Do our judgments agree with VFSS?

Using VFSS as the “gold standard,” 125/190 normal ratings matched no aspiration/penetration, i.e., specificity of 66%. Similarly, 117/190 abnormal ratings matched aspiration/penetration, i.e., sensitivity of 62%. Ratings can be used to predict the results of VFSS (via positive and negative predictive values); however, as this study is concerned with assessing raters’ reliability and ability to match the gold standard, sensitivity and specificity values have been calculated. It is inappropriate to calculate predictive values where the prevalence has been artificially controlled.

Sensitivity and specificity are based on individuals’ ratings. If we look at majority consensus (Fig. 8, bottom row) the group correctly identified 9/10 normal and 8/10 abnormal swallows (90% specificity and 80% sensitivity).

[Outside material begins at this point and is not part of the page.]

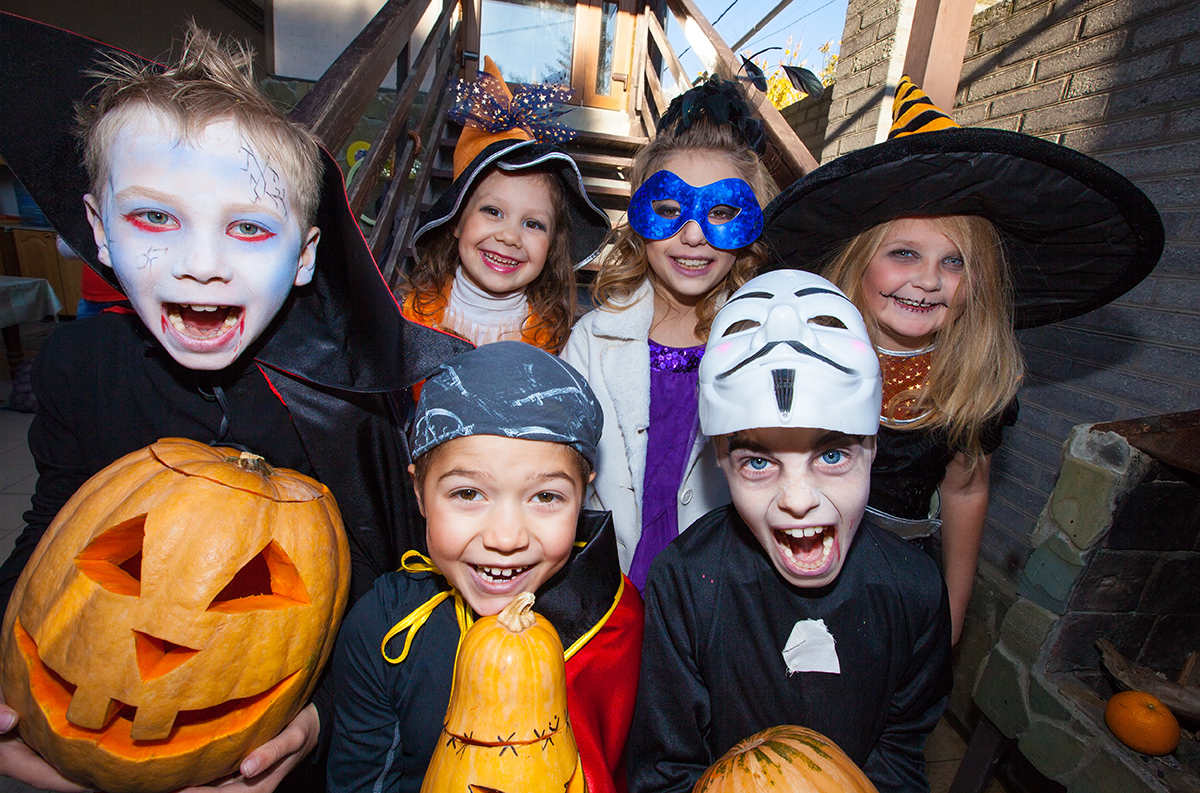 Children in halloween costumes show funny faces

There was a significant relationship between an individual’s reliability and true positive rate (rs = 0.623, p = 0.040).

Discussion

This is the largest study to date of rater reliability in CA, using 19 initial raters, 11 reraters, and 20 swallow sounds. There is a dearth of robust studies in the field of CA. Studies involving reasonable numbers of swallow sounds have often had few raters, lack of a healthy, asymptomatic control group, or lack of simultaneous VFSS for a gold standard comparator [13, 15]. This is one of the few studies to have recorded swallow sounds that match what a clinician really hears at bedside. This study isolated sounds to reduce the influence of previous knowledge.

Reliability of CA

The data clearly demonstrate that few people are reliable in CA. This unreliability in an individual’s judgments will affect the usefulness of acoustic characterization of swallow sounds as reported by Cichero and Murdoch [12]. The clinical applicability of such detailed analysis will be hampered until we can improve intrarater reliability.

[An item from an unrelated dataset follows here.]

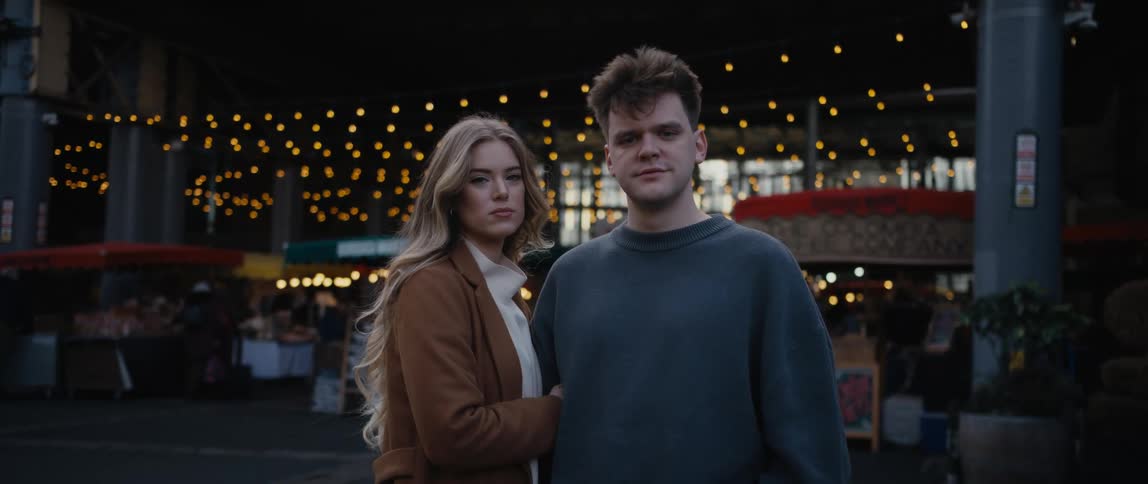 A woman holds the arm of a man as they look into the camera while standing outdoors during the day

Demographic data analysis revealed that reliability of a clinician is independent of factors historically presumed to improve skills, such as years of experience (Figs. 1–6). The definitions of aspects such as practice and experience were left deliberately vague. We do not know if any person can be trained to improve his/her listening skills, or are there some whose background or innate ability predisposes them to be more reliable auscultators? For example, is someone with a “musical ear” at an advantage when listening and characterizing sounds of any type? Clinicians using this technique do not get their hearing tested routinely: this could be a significant factor affecting an individual’s performance.

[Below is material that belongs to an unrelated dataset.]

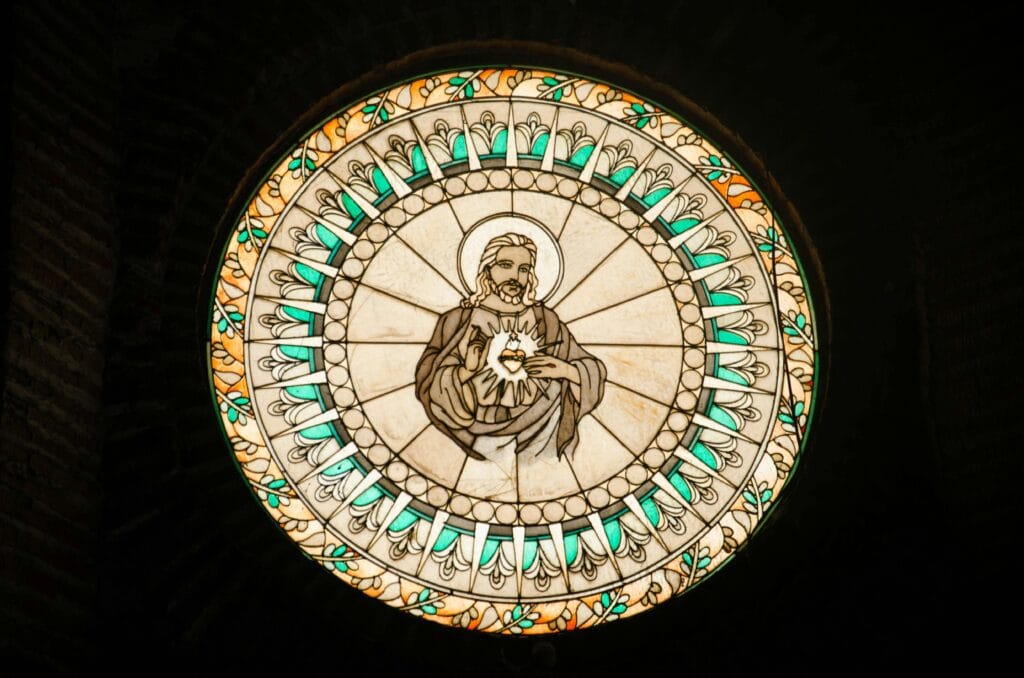 pexels photo 4624262 4624262 Circular stained glass window illustrating Jesus Christ, a serene religious artwork.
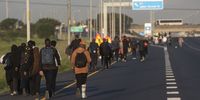 Hundreds of people were seen walking home  on the N2 on August 03, 2023 in Cape Town, South Africa. Commuters were left stranded after taxi operators went on strike Thursday afternoon. Impoundments of minibus taxis has led to a protest by taxi drivers. (Photo by Gallo Images/Brenton Geach)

More detail is required before we could draw definite conclusions on, say, how much and what type of training a clinician should have, and continuing peer review. Training and discussion have been shown to improve the reliability in VFSS judgments [21]. A system such as we describe here will be invaluable in future studies to address the manifestly unstandardized current approaches to CA. We would then be in a position to quantify the “added value” of this technique to the CSA when investigating the effect of previous knowledge of patient history for example.

The agreement among the group of raters was poor. This matches established techniques such as VFSS and laryngoscopic swallow studies.

Validity

The overall accuracy of the technique in identifying aspiration/penetration was limited because of individual variation in reliability. The validity of a technique is dependent upon reliability and this is borne out by the results of this study. Since the group consensus correctly classified 17 of the 20 swallows, we may speculate that the swallow sound contains audible cues that should in principle permit reliable classification. If we could improve the poor raters, we would improve the overall accuracy of the technique in detecting abnormality in swallowing. The question of auscultation improving the accuracy of the CSA has yet to be answered but these issues will affect it.

The Future

What is the physiology behind swallow sounds? Future work should expand the limited evidence base of synchronized sounds and images from both VFSS and laryngoscopy. Analysis of simultaneous sound and image data will contribute to the continuing debate: What can cervical auscultation detect and what does it contribute to the clinical swallow assessment?